When Ariana Grande — in full lip-filler and eyelashes-extended glory — slid off my meme feed and onto the big screen for the first weekend of Wicked showings, I wasn't prepared to be charmed. 

I was more than ready for the blockbuster version of Wicked, a musical adaptation of Gregory Maguire's gritty novel about the perils of societal "othering,” to gloss over the ugly in the name of movie magic. But I was surprised when pop star Ariana Grande’s performance turned out to be a pitch-perfect representation of the new ways that modern Hollywood can make an old story sing. 

The Wicked film — to be released in two parts — is the latest adaptation of Gregory Maguire’s original novel Wicked: The Life and Times of the Wicked Witch of the West. Maguire based that story on L. Frank Baum's cinematic classic, The Wizard of Oz, repositioning Baum's two-dimensional villain, now known as Elphaba, as protagonist, and Galinda, the “good witch,” as a blind-to-her-own-privilege best friend. Maguire uses Elphaba, a green-skinned girl with burgeoning magical powers, to examine how societies use violence and propaganda to unify the populace against an easily identified "other.” The book was given a Broadway makeover in 2003, lightening themes and storylines just enough to make it palatable to tourists while maintaining enough edge for critical acclaim. 

Watching the stage musical when I was 13 spurred a kind of spiritual awakening. The soundtrack looped on my iPod Touch for years after. The fun theatricalities got a groove stuck in my head that inspired me to sneak the original book off my parents’ top shelf. As I read through pages of political upheaval, sex scenes, and torture, I uncovered a fuller articulation of the weight of the world we live in than upbeat Broadway songs could ever convey. Still, the book became a foundation that only instilled more power into the music that had first captured my attention — together, these works of art piqued my interest in finding more nuanced representations of the power dynamics that define and underlie our everyday lives.

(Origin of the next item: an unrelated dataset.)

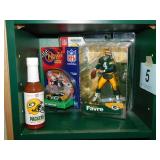 Green Bay Packers: Favre 2002 action figure (NIB)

The news that Wicked would be adapted for the screen by Jonathan Chu, a director best known for the rom-com spectacular Crazy Rich Asians and Now You See Me 2, foreshadowed a production too drenched in frivolity and spectacle to see the either the heart or the horror that make the story so resonant.

Sure enough, opulent world-building was the most obvious focus of the two-and-a-half hour interpretation of the story’s first half. There are expansive animations of an enriched Oz, aptly highlighting the increased wealth disparity of the world into which the latest Wicked interpretation has been knowingly released. And there were plenty of references to the cinematic lineage from which Wicked was originally born: Vibrant poppies (a technicolor treat in the 1939 movie) make for a visually stunning motif symbolizing the spell of ignorance cast upon the show’s sky of celebrity stars, who play a school of characters all prejudiced against Elphaba and her broader quest to protect Oz’s outcasts. 

Some of those same elements  — like an obnoxiously long musical number featuring Kristin Chenowith and Idina Menzel, the actresses who first brought the roles of Galinda and Elphaba to Broadway — are overdone distractions. But generally speaking, the charm offensive worked on the sold-out audience and even on cynical and terminally online little old me: I laughed at a dictatorial Jeff Goldblum, whose face is carved into Oz’s version of Mount Rushmore, and blushed at bad-boy heart-throb Jonathan Bailey’s stupidly seductive performances of songs like “Dancing Through Life,” whose lyrics go like this: “Stop studying strife and learn to live the unexamined life.”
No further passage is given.